Visualization of Optimization Results
If you would like to plot the optimization process, you can use one of the following built-in functions from the sklearn_nature_inspired_algorithms.helpers package.
score_by_generation_lineplot
sklearn_nature_inspired_algorithms.helpers.score_by_generation_lineplot plots the score (min, max, mean, or median) of each algorithm run by generation using a line plot. The score, or “fitness” in nature-inspired algorithms, is set by the provided estimator. Estimators have a score method that provides a default evaluation criterion for the problem they are designed to solve (reference). You can set your own score by providing the scoring parameter to NatureInspiredSearchCV.
score_by_generation_lineplot(nia_search, metric='max', ax=None, ylim=None)
Parameters
nia_search: NatureInspiredSearchCV object
metric: str, default=’max’. The metric to plot. Possible values are min, max, mean, and median.
ax: matplotlib Axes, default=None.

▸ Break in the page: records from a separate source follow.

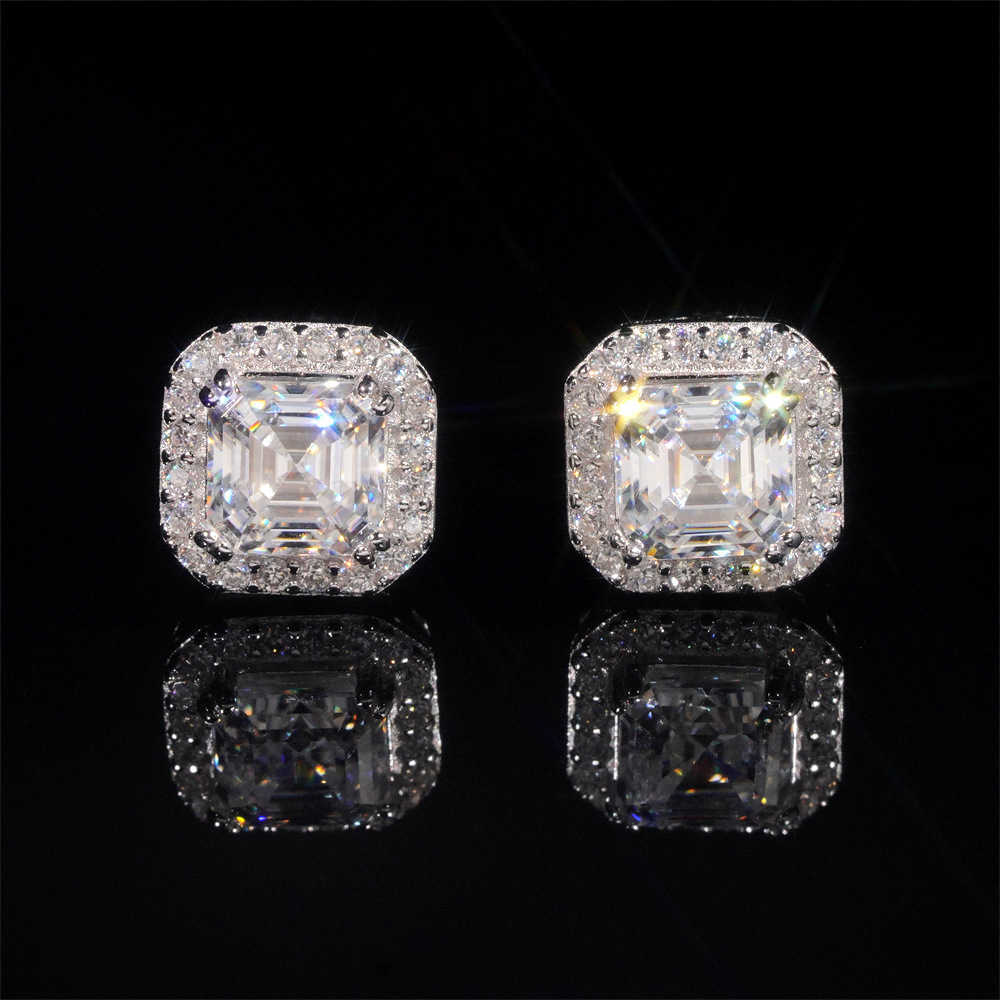 High quality 925 sterling silver vvs moissanite earrings with exquisite craftsmanship and high-quality moissanite princess square earrings jewelry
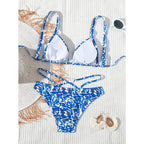 Damen Triangel-Bikini mit verstellbaren Trägern und stylischem Farbmustermix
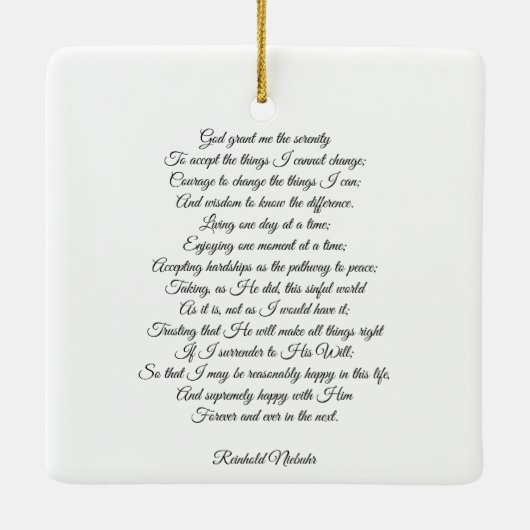 Eigen gebedslied, elegant script keramisch ornament (Achterkant)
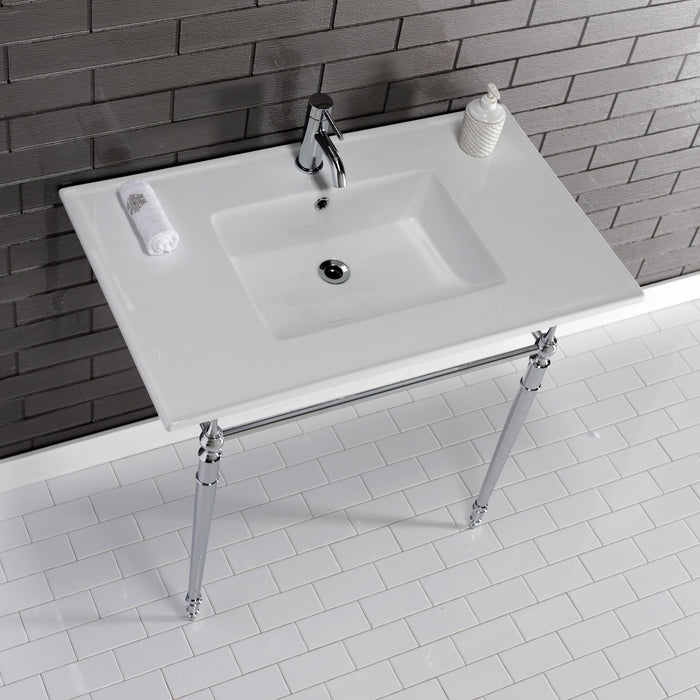 Edwardian KVPB372271CP 37-Inch Ceramic Console Sink Set, White/Polished Chrome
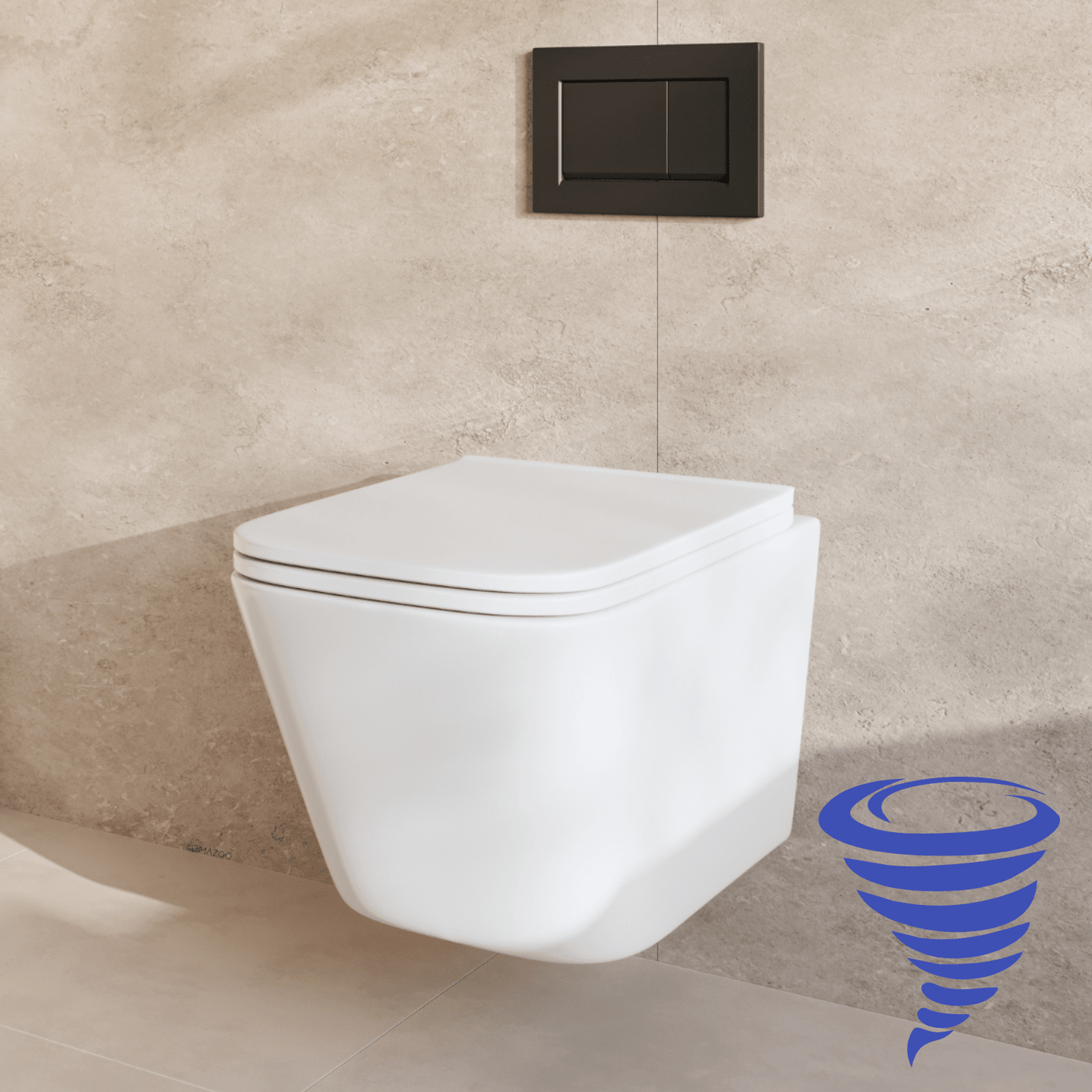 Hangtoilet met Inbouwreservoir - Vierkant Wit - Drukplaat Vierkant Zwart - Linea - lomazoo.com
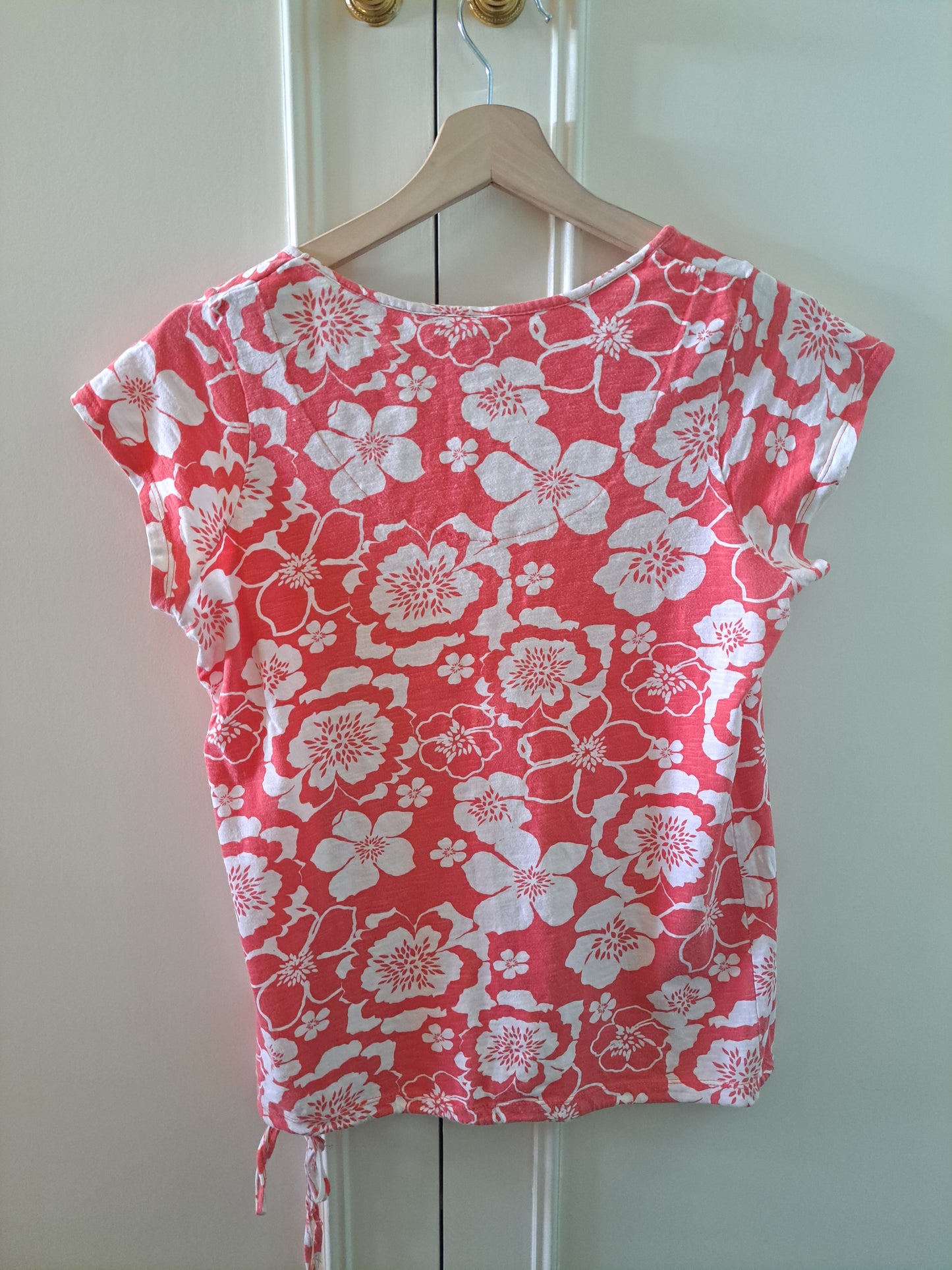 Next Coral Floral Top Size 10 Cotton Blend Summer T-Shirt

The axes object to plot on. If not provided, one will be created.
ylim: tuple, default=None. Only applicable if the ax parameter is None. Sets the boundaries of the Y axis.
Returns
ax: matplotlib Axes
Returns the Axes object with the plot drawn on it.
score_by_generation_violinplot
sklearn_nature_inspired_algorithms.helpers.score_by_generation_violinplot plots the score of a selected run by generation using violin plots.
score_by_generation_violinplot(nia_search, run=0, ax=None, ylim=None)
Parameters
nia_search: NatureInspiredSearchCV object
run: int, default=0. The run to plot.
ax: matplotlib Axes, default=None. The axes object to plot on. If not provided, one will be created.
ylim: tuple, default=None. Only applicable if the ax parameter is None. Sets the boundaries of the Y axis.
Returns
ax: matplotlib Axes
Returns the Axes object with the plot drawn on it.